|2017-01-02||Steve Gardiner||Book Review: Edward Unspooled|
Edward Unspooled, the third in a series of books about Edward Stanton, an adult with asberger's syndrome, is a perfect addition for fans of Edward. While you could read Edward Unspooled as a stand-alone book, it will be far more enjoyable to have the background from the other two books.
And if you haven't read the other two, I am envious of the experience you have ahead of you.
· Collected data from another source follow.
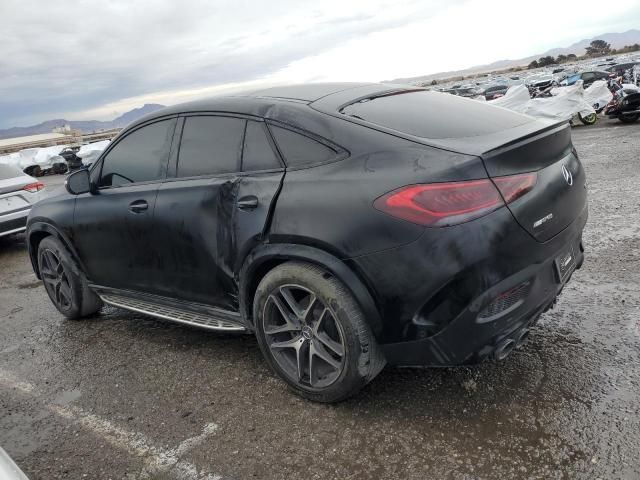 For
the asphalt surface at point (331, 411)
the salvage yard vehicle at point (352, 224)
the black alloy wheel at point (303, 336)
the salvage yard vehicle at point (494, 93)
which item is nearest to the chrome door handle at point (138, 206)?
the salvage yard vehicle at point (352, 224)

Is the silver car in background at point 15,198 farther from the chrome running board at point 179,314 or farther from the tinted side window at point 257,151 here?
the tinted side window at point 257,151

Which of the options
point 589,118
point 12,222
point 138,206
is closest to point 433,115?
point 138,206

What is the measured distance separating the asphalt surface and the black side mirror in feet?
3.86

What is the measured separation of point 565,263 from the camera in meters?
2.79

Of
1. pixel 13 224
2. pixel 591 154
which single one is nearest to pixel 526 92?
pixel 591 154

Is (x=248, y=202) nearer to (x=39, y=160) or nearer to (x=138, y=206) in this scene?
(x=138, y=206)

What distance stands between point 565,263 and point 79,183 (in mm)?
3443

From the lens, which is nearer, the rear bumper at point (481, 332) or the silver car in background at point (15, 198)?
the rear bumper at point (481, 332)

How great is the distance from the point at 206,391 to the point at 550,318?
2313 millimetres

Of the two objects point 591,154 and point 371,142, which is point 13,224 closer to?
point 371,142

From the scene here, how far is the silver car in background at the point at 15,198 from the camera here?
802 cm

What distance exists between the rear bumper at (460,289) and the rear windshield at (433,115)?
619 millimetres

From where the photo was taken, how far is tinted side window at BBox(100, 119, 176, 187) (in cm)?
362

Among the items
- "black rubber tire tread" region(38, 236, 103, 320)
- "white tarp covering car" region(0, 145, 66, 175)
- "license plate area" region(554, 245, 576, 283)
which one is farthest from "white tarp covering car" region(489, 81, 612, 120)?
"white tarp covering car" region(0, 145, 66, 175) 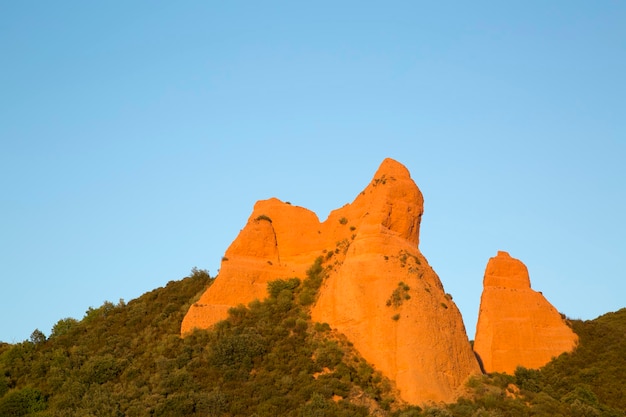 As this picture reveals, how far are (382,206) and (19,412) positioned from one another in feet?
75.8

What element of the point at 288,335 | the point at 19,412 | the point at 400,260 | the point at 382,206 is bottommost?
the point at 19,412

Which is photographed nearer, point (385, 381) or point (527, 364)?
point (385, 381)

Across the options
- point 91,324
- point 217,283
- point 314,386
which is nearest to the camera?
point 314,386

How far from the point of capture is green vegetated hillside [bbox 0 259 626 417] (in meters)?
45.3

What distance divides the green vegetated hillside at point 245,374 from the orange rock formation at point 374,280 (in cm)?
103

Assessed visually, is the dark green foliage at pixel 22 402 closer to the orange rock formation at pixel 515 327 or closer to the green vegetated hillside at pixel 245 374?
the green vegetated hillside at pixel 245 374

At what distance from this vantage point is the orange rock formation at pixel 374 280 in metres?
46.7

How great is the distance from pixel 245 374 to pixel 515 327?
18737mm

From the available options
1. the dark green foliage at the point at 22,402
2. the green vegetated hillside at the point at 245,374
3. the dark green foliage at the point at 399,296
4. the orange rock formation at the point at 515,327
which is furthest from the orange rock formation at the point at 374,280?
the dark green foliage at the point at 22,402

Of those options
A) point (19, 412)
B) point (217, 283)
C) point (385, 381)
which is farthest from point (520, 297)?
point (19, 412)

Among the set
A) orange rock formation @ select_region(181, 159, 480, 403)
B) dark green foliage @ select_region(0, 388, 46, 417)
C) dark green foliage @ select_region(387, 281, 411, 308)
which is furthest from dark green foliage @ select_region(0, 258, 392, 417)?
dark green foliage @ select_region(387, 281, 411, 308)

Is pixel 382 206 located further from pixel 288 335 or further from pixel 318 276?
pixel 288 335

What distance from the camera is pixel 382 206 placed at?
52344 mm

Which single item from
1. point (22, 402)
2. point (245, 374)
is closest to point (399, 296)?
point (245, 374) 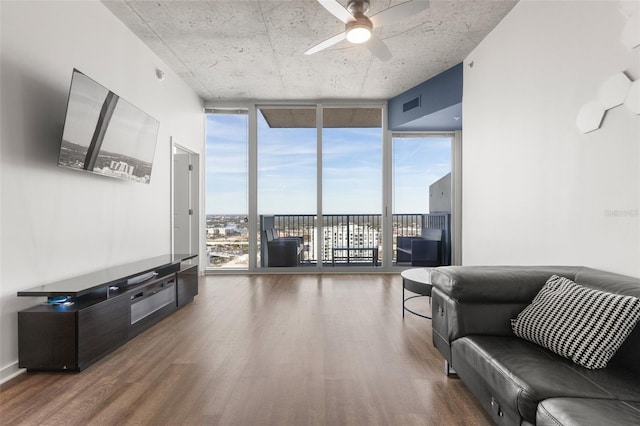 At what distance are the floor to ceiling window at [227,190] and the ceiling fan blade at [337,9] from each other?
323 centimetres

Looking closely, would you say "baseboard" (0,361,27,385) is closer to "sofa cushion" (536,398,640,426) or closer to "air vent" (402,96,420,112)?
"sofa cushion" (536,398,640,426)

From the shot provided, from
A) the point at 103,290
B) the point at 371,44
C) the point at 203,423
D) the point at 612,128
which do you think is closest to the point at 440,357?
the point at 203,423

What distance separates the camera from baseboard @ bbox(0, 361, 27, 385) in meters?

All three books are a joy, and Edward is one of the more memorable characters you are going to meet on the pages of a book.
In 600 Hours of Edward, we learned about some of the quirks Edward has, such as never wanting to turn left while driving. It is too dangerous, so he always planned his trips to the grocery store or other errands so that he could arrive at his destination making only right turns. Try to get that idea out of your head next time you get in your car.
Edward's father set up a fund with a substantial amount of money, so Edward has the means to support the many obsessive/compulsive actions that follow him through the three books. For example, he likes to paint his garage each year. If he finishes the project and doesn't like the color, he simply paints the garage again until he get the color right.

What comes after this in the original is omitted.